Setting aspirations higher
This is related to the “Failure of Imagination” above but is worthwhile of a discussion on its own. One of the pieces that stood out to me throughout the book was how low the aspirations of our modern discourse actually are. As a society we’re obsessed with how much money we pay our nurses versus whether we can make them superfluous by banishing disease (hopefully it should be clear that I’m anti-sickness not anti nurses here). We’re obsessed with adding just one more road rather than reinventing our transportation system wholesale. We’re obsessed with a marginal benefit to social benefits rather than with trying to radically improve the lives of the working poor. Our aspirations themselves are low and have been beaten lower by experiences over time.
This comes down to a general problem statement. Rather than trying to think about how to manage problems through our political space we should be thinking about how to excise them from society completely. Rather than complaining of the difficulty of a particular process we should be trying to think of ways to radically solve the problem in a cheaper more efficient process. We should be trying to use technology to radically improve our lives and solve problems in an innovative setting rather than using the political space to redistribute around outcomes we don’t particularly want.
This is something that I think I’ve been guilty of in the past and something I’ll need to think about more in the future. This might just be an example of my personal philosophy though, I want a bigger pie rather than a more equally divided smaller one.

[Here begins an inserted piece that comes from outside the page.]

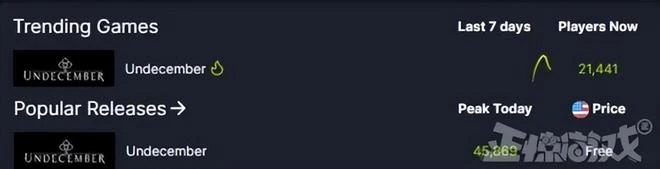 國產不給中國人玩？暗黑新游海外上架卻鎖國區，帳號問題遭差評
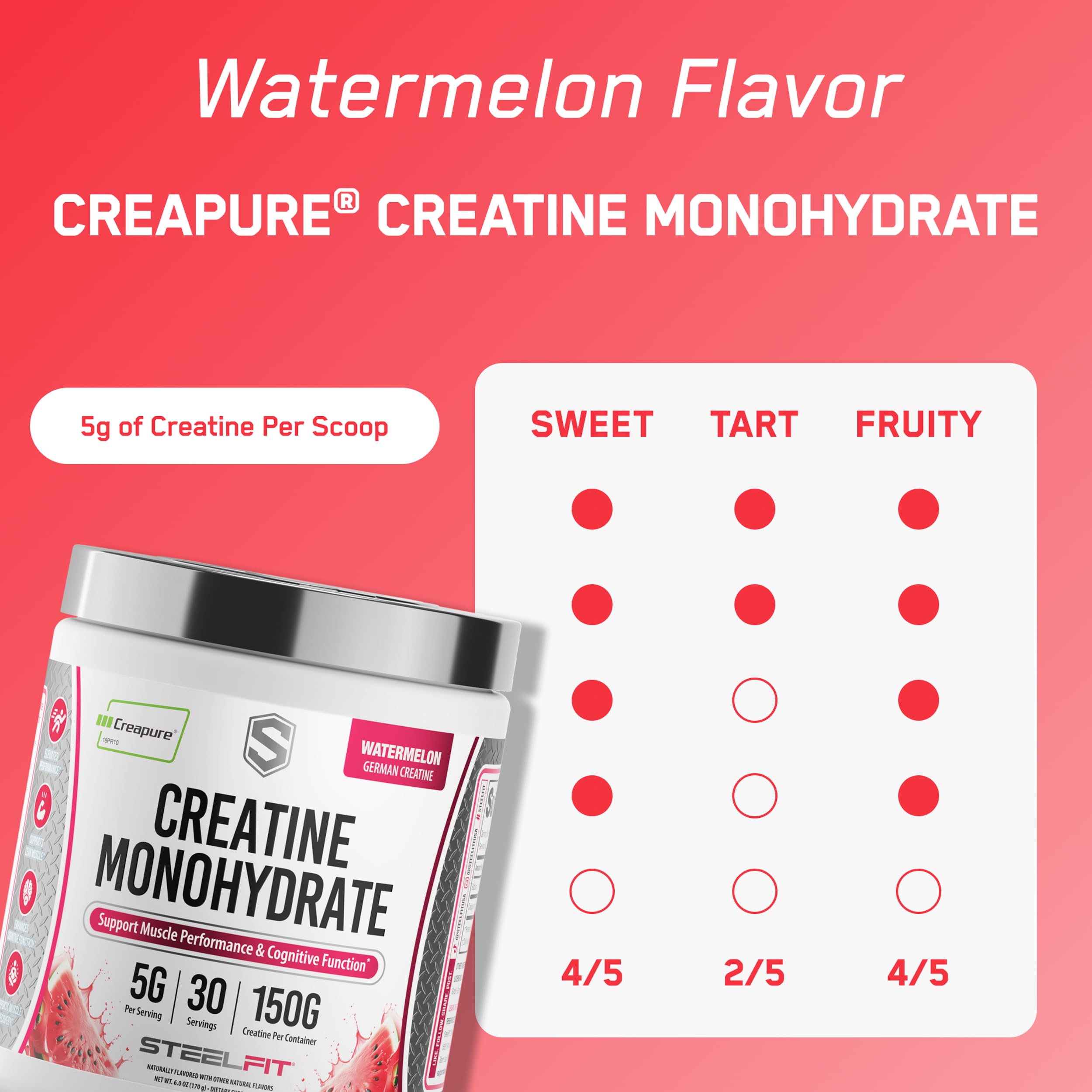 Scoop of SteelFit Creatine Monohydrate Watermelon powder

Problems need to be tractable
One element that I didn’t see discussed much within the book, except tangentially, is the amount of resources required to tackle a particular problem. Perhaps one of the challenges that we’re facing today is that everything that we want to advance requires so many resources that progress is essentially out of reach of most people and can only be advanced through sustained collective investment.
This leads systems like University grants as we try to manage scarcity and all of its resulting problems. Something to think about here, perhaps our problems need to be tractable to someone with limited resources if we want advances to be made? The scientific advances of the industrial revolution were a lot cheaper than the advances of the nuclear age because they were closer towards Engineering problems rather than Science problems. The classical example of this is the steam engine was developed before the theory of how it operated but a nuclear power station required a working theory first.
Conclusion
Ultimately, the book is a tedious read but it has some good points. It should be 200 pages shorter and much more tightly edited. Some of the concepts are interesting. A 3/5, potentially even a 2/5 due to the writing style. Could have been a 4/5 with tight editing. The concept itself is good.